Created through the merger of Guinness and Grand Metropolitan in 1997, followed by the acquisition four years later of Seagram’s wine and spirits brands, Diageo is the world’s largest premium drinks business. Its products are manufactured on six continents and sold in 180 countries. In 2005, it had an annual turnover of £9.03bn and employed over 20,000 people. Household names among its brands include J&B, Baileys, Gordon’s Gin, Pimm’s and Guinness. The business comprises both supply functions – manufacturing, packaging and warehousing – and demand functions – distribution, marketing and sales. Diageo makes around four-fifths of its products itself, with the remainder manufactured by companies in which it has a minority holding, or under contracts with commercial partners.

Embedding CSR

Despite the breadth and depth of its operations, Bush says the company has embedded CSR on a worldwide basis. Policies, processes and measures for managing responsible drinking, environmental issues and reporting have been implemented at a country, regional and global level. He makes this achievement sound simple: “Our policies and processes are agreed at the start with input from managers across the business. These flow from the company values, which are firmly embedded in the business culture”.

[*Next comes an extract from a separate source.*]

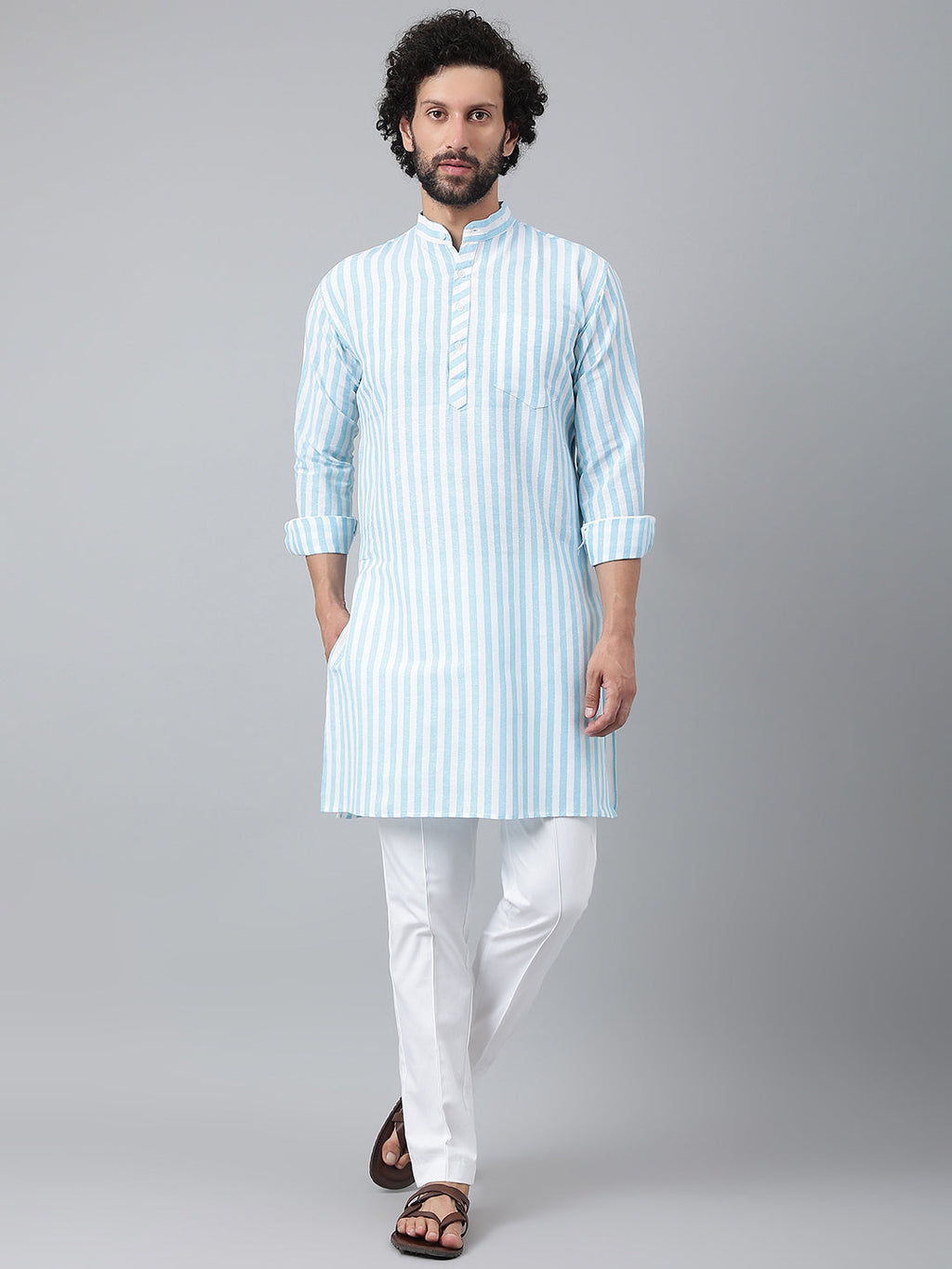 RIAG Blue Color Long Sleeves Ethnic Men's Cotton Long Kurta - Distacart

The secret of the company’s success seems to be in its people, helped in no small measure by leadership from the top: “Managers fully understand the importance of CSR for our company’s reputation and its license to operate? it is something our employees expect us to do, and they expect us to do it well”.

Strategic thinking

CEO Paul Walsh heads the Corporate Citizenship Committee, which is responsible for overseeing Diageo’s CSR strategy. This cross-functional committee comprises senior executives drawn from across the business, to ensure that the strategy is international in scope and covers every aspect of the business. The committee meets once or twice annually to set priorities, and CSR performance is reported on at least annually to Diageo’s board of non-executive directors.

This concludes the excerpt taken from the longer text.